Omar would not confirm this.
‘As you can imagine people do not want any information of their imprisonment to be publicised,” he wrote.
‘So my response is as follows: we are aware of only one.”
Jan de Wachter, a Dubai-based South African HR consultant, knows a South African woman who was arrested with her children when she tried to leave Dubai for a holiday in South Africa: ‘It turns out she fell behind in her credit-card payments with Barclays and her husband’s company had to pay the full outstanding amount before she was released or sentenced.”
The children, all under age, were allowed to continue on to South Africa, while her husband travelled ahead hastily to receive them at OR Tambo International Airport.
Martine Schaffer, the managing director of Homecoming Revolution — an NGO that assists South Africans living overseas to return home — says that she has received similar reports.
But nobody with first-hand experience of a Dubai debtor’s jail would respond to the Mail & Guardian‘s requests for an interview. ‘Pride plays such a big part in people’s decisions to keep quiet,” Schaffer says.

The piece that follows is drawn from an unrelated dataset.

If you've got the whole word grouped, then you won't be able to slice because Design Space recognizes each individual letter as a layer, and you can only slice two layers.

Christine Botes, who is back in South Africa after a disastrous 18- month stint in the emirate, was willing to talk about her experience. Botes, a single mother of two twenty-somethings, says she ‘did a quiet duck” from Dubai in February last year, having lost her job, maxed out her credit cards and finally defaulted on her loan repayments.

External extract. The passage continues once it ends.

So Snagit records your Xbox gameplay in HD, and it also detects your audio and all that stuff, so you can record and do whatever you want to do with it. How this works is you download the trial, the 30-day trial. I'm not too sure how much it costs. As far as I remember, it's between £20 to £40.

She said it would take her three years to write off the debts she accrued in Dubai and South Africa. As an HR manager, Botes knew Dubai’s laws well, and knew exactly what could happen to her next.

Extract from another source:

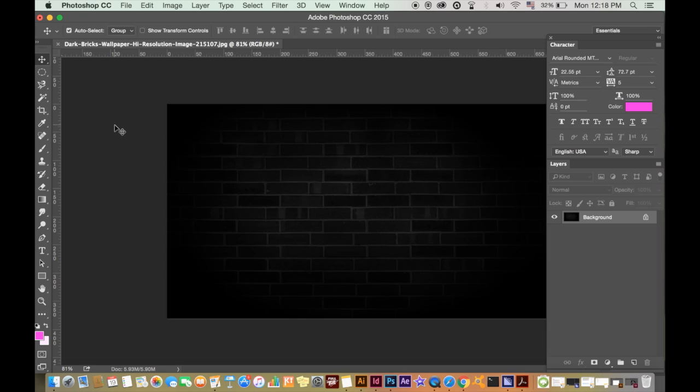You first will need to source a background image. I suggest something dark with a texture, maybe bricks or wood, just something like that.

In a short while, her former employer would cancel her work visa, cashing in on a 4 000 dirham government rebate, and then she’d be stuck, and possibly jailed.
With the banks hounding her, Botes ensured her children had left Dubai a few weeks beforehand, then locked her three-bedroom villa and asked a friend to drive her to the airport. At 4 o’clock in the morning, Botes calculated that customs officials would probably be at their least alert.
‘After I went through passport control, they couldn’t touch me. I phoned the friend who’d dropped me off and said, ‘I’m free’.
Back in South Africa, Botes relied on the kindness of friends and family for eight months, while she looked for work. ‘If it wasn’t for them, I don’t know where I would be — probably in a pondok [shack] by the side of the road.”
She couldn’t even afford the R400 monthly storage fee for the belongings she’d packed away before she left South Africa.
It’s a long way from the giddy glass and gleaming glitter of Dubai to the Panado-popping predictability of Kempton Park, where Botes now sits on her couch, cradling her pooch, Poplap, on one knee.
‘At first I felt like a real criminal,” she says, ‘then I sat, did some calculations, and thought, ‘Bugger this! I’ve left a freezer and cupboards full of food behind, as well as a house full of brand stinking new furniture’.”
But was it enough to cover her debt? ‘The debt wasn’t astronomical,” she says. Between two credit cards and her rent loan, Botes owed 55 000 dirhams (R110 000). The loans came from the bank owned by her former employer who, Botes says, still owes her one month’s pay.
‘Given what they owe me, I actually have no qualms about leaving at all,” she says.
But these days Dubai’s debt laws are changing slowly. A new credit bureau is one measure. Another is the realisation that you can’t jail everybody.
‘Creditors and banks initially opened criminal cases in almost every instance of bad debt or bounced cheques but subsequently they seem to have realised that imprisoning their debtors is the least likely means of recovering their money,” says Angus Hayes, senior legal counsel for a UAE-based newspaper, Gulf News, in an email.
‘The police also became so overloaded with bad-debt cases that they began acting on them a lot more lethargically.”
Meanwhile, back in Homecoming Revolution’s Johannesburg boardroom, Schaffer leans across the table, her sky-blue earrings swaying with faint agitation, and says: ‘You know what? The grass isn’t always greener.
The bubble may have burst over there already, but people must still be warned about what can go wrong.”